Cheese Profile: River’s Edge Chevre

By Marcella Wright, ACS CCP™

REC1While opening cheese counters for Murray’s Cheese, I fell in love with the award-winning cheeses made by Pat Morford and her daughters at River’s Edge Chevre in Oregon.

Pat has owned goats most of her life and made cheese for herself and family from a young age. In 1988 she moved to Logsden, Oregon and bought twelve acres which she named “Three Ring Farm”. Five years later, she began buying dairy equipment and got “serious” about making cheese to sell. Construction of River’s Edge Chevre began in 2002; it was completed and licensed in 2005, and cheese-making began. Since then the cheese has been winning multiple awards including at ACS, ADGA, Good Food Awards and World Championship Cheese Contest.
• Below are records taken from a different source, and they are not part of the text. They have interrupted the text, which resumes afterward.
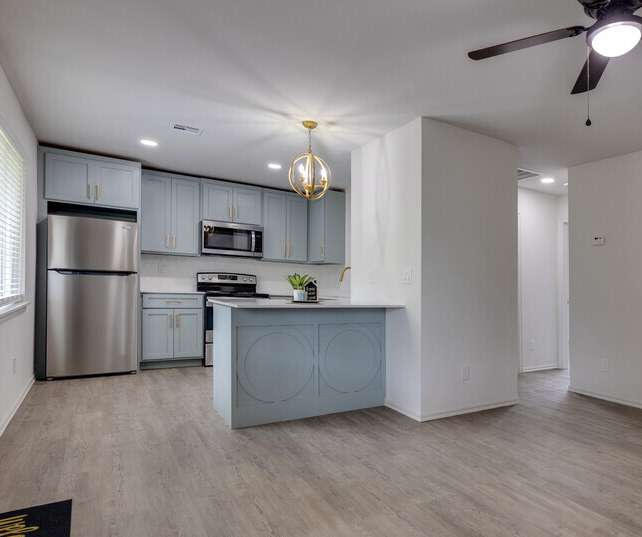 Spacious modern apartment interior at Legacy@LaHacienda in Owasso, Oklahoma featuring open floor plan, large windows, contemporary finishes, updated kitchen appliances, multifamily apartment community, residential leasing, property management, asset management, long-term apartment rentals.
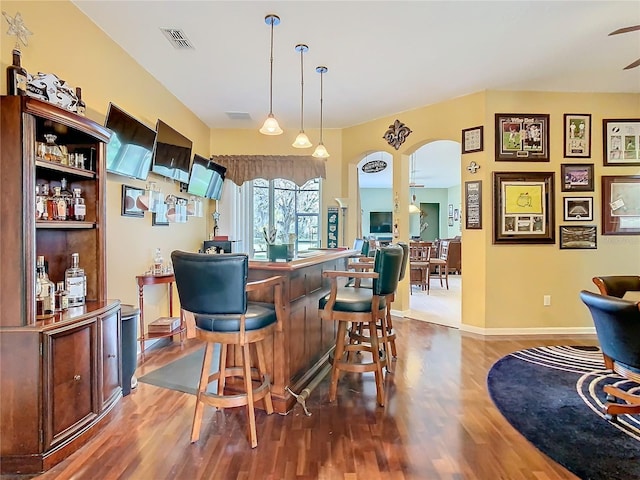 bar featuring a dry bar, visible vents, ceiling fan, wood finished floors, and decorative light fixtures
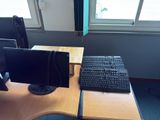 a desk with a keyboard and a monitor on it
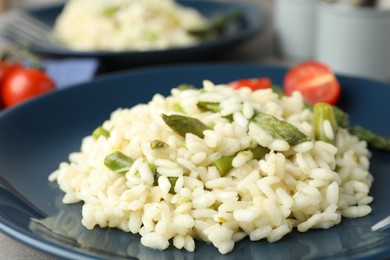 Photo of Delicious risotto with asparagus in plate, closeup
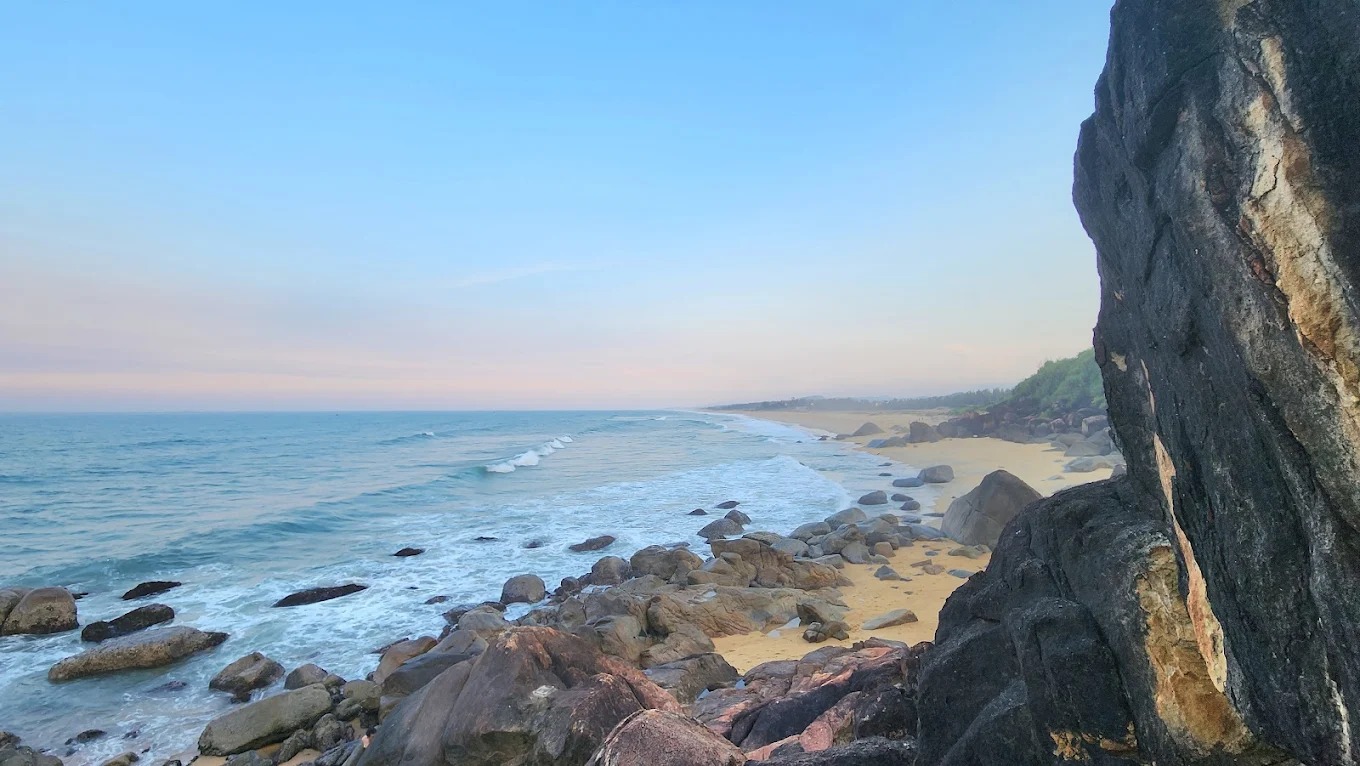 Ánh sáng buổi sáng đầu ngày nhuộm vàng cả bãi đá, sóng vỗ nhẹ vào bờ tạo nên một khung cảnh không thể rời mắt.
REC2First up is Siltcoos, a not-quite round disc dusted with ash, covered with surface bloom and topped with a fern frond grown locally. Named after a lake on the Oregon Coast, Siltcoos tastes clean and delicate with just a whiff of the goaty tang you would expect when young. The paste is dense and as it ages it becomes creamier and develops a nice spicy finish. Siltcoos has won Best of Show twice at American Dairy Goat Association Cheese Competition.  You’ll dazzle your guests serving this on a cheese plate. Add a little Kelly’s Jelly Marionero Jam and they’ll be swooning.

Wine Pairing: Oregon Pinot Grigio.

Beer Pairing: Weissbock.

REC3Up In Smoke is a fresh chevre wrapped in smoked maple leaves and then spritzed with bourbon to add even more smoldering smokiness to the taste of this award-winning delicacy. What a delight; the tang of the chevre blends perfectly with the smoke and the bourbon. It’s creamy and crumbly at the same time; leaving a lingering taste on the palate. It comes in little quarter pound disks; just the right size for snacking or adding to a cheese board. 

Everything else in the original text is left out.